Als ich heute Morgen* erfuhr, dass Paul Krugman den Nobelpreis für Wirtschaft erhalten wird, war meine Reaktion etwa so als ob mir jemand gesagt hätte, Joachim Kaiser sei mit einem Grammy für das beste Klavierkonzert ausgezeichnet worden – seine publizistische Leistung hatte mich völlig übersehen lassen, dass er auch “nebenbei” ein forschender Akademiker ist.
* (wir kriegen wegen der Zeitverschiebung alles mit sechs Stunden Verspätung gegenüber Europa mit)
Das ist eigentlich um so peinlicher für mich, als Krugman seinen Preis für seine Leistungen auf dem Gebiet der Wirtschaftsgeographie erhält – also ausgerechnet ein Gebiet, auf dem ich mich in meinen Studienjahren selbst bewegt habe. Dass er eine neue Theorie entwickelt hat, die “die bisher getrennten Forschungsfelder des internationalen Handels und der Wirtschaftsgeographie integriert”, wie die Königliche Schwedische Akademie der Wissenschaften in ihrer Begründung erklärt, war mir nie bewusst geworden. Warum?

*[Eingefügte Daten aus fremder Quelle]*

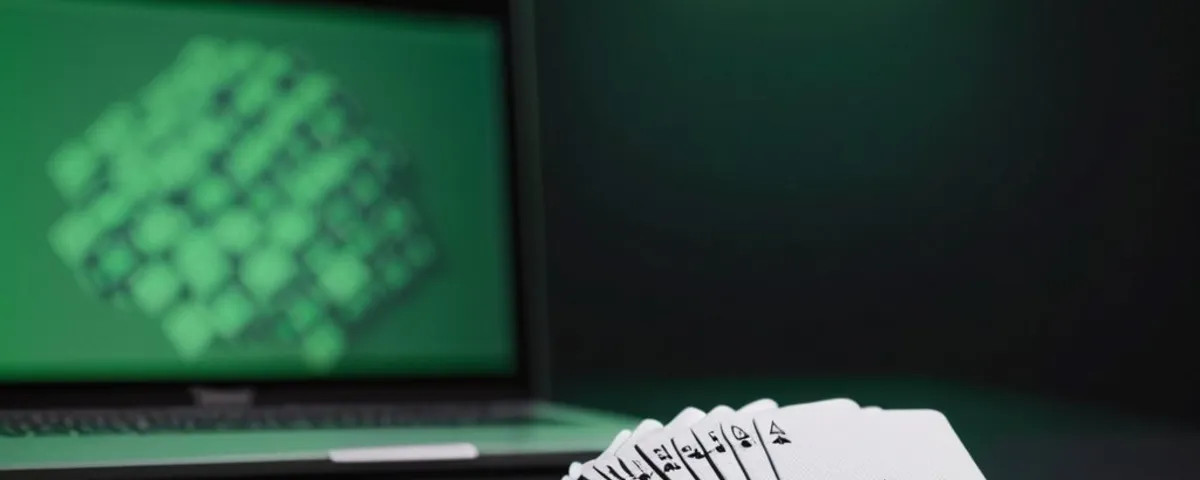 Juegos de casino en línea de Betway en pantalla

Weil Krugman viel zu beschäftigt schien, seine Kolumnen und Blogs für die New York Times zu schreiben. Dass jemand, der so viel Mühe darauf verwendet, der breiten Öffentlichkeit die Zusammenhänge zwischen Wirtschaft und Politik, die Folgen politischen Handelns – und, wenn es um die Bush-Regierung ging, vor allem auch die Folgen der Unfähigkeit zum richtigen Handeln – zu vermitteln, noch Zeit haben konnte, etwas zu tun, wofür er dann auch noch einen Nobelpreis bekommt, das ist mehr als überraschend. Es wäre für sich allein schon einen Preis wert.
Welche Bedeutung Krugman in der akademischen Forschung hat, kann ich aus meiner (wissenschaftlichen) Distanz gar nicht so recht beurteilen. Doch dass seine wirtschaftspolitischen Einsichten vielen Amerikanern helfen, das Geschehen, das sie – jetzt mehr denn je – in ihrem Alltag betrifft, wenn schon nicht völlig zu begreifen, dann wenigstens einzuordnen; dass er gerade in einer Gesellschaft, die das Etikett “liberal” zu einem der schlimmsten Polit-Schimpfworte degradiert hat, den Mut zeigt, sich selbst das “Gewissen eines Liberalen” zu nennen; dass seine publizierte (und stets gut begründete) Meinung vielleicht keinen unerheblichen Anteil daran haben wird, dass sich in drei Wochen vielleicht tatsächlich ein Wandel nicht nur in der amerikanischen Realpolitik, sondern auch in der politischen Kultur abzeichnen wird – all das war auch schon vor dem schwedischen Preis “nobel”. Und ich bin sicher, dass sich viele, die in Krugman eine Stimme fanden, die hörbar (= lesbar) machte, was sie dachten, nun so fühlen werden, als hätten sie selbst ein Stückchen von dem Preis erhalten. Glückwunsch!